片野: マスターシステム(前編参照)です。FM音源対応のソフトを特にプレイしてましたね。FM音源がとにかく魅力的でした。「ファンタシースター」(※1)、「スーパーバブルボブル」(※2)、「アルゴスの戦士」(※3)、「ソロモンの鍵」(※4)とかをやりました。液晶シャッター式の3Dグラス(※5)が周辺機器にあって、「スペースハリアー3D」が出たのですが、目が疲れるんで、裏技コマンドで3Dをオフにしてプレイしてました(笑)。

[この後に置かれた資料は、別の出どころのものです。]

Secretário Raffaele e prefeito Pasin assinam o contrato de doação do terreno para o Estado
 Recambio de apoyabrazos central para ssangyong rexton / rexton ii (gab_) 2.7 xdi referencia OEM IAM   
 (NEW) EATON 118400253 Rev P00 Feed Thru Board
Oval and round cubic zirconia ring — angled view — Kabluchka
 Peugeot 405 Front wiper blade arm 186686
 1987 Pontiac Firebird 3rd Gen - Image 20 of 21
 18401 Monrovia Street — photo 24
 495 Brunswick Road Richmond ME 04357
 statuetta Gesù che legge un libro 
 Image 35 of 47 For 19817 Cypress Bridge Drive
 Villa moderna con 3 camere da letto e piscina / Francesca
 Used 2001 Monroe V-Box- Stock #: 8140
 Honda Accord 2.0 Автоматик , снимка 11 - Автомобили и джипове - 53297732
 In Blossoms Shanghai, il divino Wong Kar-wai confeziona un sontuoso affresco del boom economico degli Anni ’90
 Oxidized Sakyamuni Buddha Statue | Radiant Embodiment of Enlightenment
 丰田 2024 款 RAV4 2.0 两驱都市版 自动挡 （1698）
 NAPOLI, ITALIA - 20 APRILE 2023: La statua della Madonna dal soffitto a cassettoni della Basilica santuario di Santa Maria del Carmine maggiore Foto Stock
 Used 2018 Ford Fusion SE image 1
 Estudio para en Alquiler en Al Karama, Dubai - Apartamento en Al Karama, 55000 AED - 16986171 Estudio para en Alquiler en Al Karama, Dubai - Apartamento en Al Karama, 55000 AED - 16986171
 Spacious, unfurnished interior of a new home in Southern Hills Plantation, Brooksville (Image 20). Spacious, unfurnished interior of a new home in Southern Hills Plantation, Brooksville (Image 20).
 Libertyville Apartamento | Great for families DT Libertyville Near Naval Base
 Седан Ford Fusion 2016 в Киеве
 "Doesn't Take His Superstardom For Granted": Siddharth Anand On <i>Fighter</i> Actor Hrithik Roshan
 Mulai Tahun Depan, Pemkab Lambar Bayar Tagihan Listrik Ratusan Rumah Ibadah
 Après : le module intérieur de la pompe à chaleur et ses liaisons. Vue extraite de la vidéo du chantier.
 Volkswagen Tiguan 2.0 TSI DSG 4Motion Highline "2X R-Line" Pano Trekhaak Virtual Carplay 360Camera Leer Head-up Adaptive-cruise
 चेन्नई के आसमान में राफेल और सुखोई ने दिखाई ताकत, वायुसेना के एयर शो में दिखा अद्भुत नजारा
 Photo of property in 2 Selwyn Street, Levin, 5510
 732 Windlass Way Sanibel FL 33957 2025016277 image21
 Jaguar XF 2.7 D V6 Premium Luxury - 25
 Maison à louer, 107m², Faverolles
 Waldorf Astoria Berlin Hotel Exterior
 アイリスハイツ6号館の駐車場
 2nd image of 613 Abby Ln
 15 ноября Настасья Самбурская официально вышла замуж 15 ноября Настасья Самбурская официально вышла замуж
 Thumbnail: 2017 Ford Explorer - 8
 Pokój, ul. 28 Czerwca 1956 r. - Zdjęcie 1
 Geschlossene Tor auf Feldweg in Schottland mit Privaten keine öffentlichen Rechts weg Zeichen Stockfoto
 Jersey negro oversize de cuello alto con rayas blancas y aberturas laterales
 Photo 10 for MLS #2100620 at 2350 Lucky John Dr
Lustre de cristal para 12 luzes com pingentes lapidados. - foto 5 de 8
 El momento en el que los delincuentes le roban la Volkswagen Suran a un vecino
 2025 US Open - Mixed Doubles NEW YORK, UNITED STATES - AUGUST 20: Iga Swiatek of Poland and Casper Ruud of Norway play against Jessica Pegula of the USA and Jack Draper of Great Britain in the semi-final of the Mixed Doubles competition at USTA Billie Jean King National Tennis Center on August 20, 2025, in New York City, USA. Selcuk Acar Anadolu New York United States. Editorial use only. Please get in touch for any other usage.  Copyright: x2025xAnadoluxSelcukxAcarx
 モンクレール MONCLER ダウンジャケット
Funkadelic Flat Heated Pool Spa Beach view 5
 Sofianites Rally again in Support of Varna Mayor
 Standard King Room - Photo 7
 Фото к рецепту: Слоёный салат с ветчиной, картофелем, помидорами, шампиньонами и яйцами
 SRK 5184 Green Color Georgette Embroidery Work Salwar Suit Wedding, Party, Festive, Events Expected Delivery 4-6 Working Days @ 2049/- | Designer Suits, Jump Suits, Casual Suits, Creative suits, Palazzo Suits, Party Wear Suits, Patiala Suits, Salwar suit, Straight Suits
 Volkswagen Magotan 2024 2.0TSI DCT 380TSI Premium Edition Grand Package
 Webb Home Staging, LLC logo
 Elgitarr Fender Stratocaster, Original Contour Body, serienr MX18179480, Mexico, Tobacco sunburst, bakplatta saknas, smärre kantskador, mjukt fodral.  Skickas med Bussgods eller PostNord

恒田: 自分はメガドライブです。とにかくグラフィックの精細さが素晴らしかったですね。もちろん、FM音源も。「これはすごいぞ、16ビットだ!」と意味もわからずに小学校の担任の先生に自慢していました(笑)。メガドライブのソフトはほとんどプレイしましたね。友人に『BEEP!メガドライブ』(前編参照)を貸して、布教をしてました(笑)。(メガドライブを買わない人には)「なんでこのすごさがわからないんだ!」といら立ちを感じるときもありましたが。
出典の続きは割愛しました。